3.3. Aliments pour animaux (uniquement pour les produits d’origine animale) et matières premières (uniquement pour les produits transformés)

—

3.4. Étapes spécifiques de la production qui doivent avoir lieu dans l’aire géographique délimitée

Le «Miel des Landes» est exclusivement produit à partir de miel récolté sur des ruchers implantés sur l’aire géographique définie.

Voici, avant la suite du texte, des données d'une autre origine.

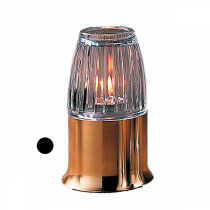 BASE MAT "CASUAL LAMPS"  Ø 9x6,5 CM DORE CHROME (1 UNITÉ) - Garcia de Pou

Les étapes d’extraction, de stockage et de conditionnement peuvent être réalisées en dehors de l’aire géographique.

3.5. Règles spécifiques applicables au tranchage, râpage, conditionnement, etc., du produit auquel la dénomination fait référence

—

3.6. Règles spécifiques applicables à l'étiquetage du produit auquel la dénomination fait référence

L’étiquetage doit contenir les indications suivantes: Nom et adresse de l’organisme de contrôle précédé de la mention «certifié par».

Il peut être fait référence à une appellation florale déterminée si le miel provient bien, de façon prépondérante, de l’espèce florale indiquée et s’il en possède les caractéristiques organoleptiques, physico-chimiques et polliniques.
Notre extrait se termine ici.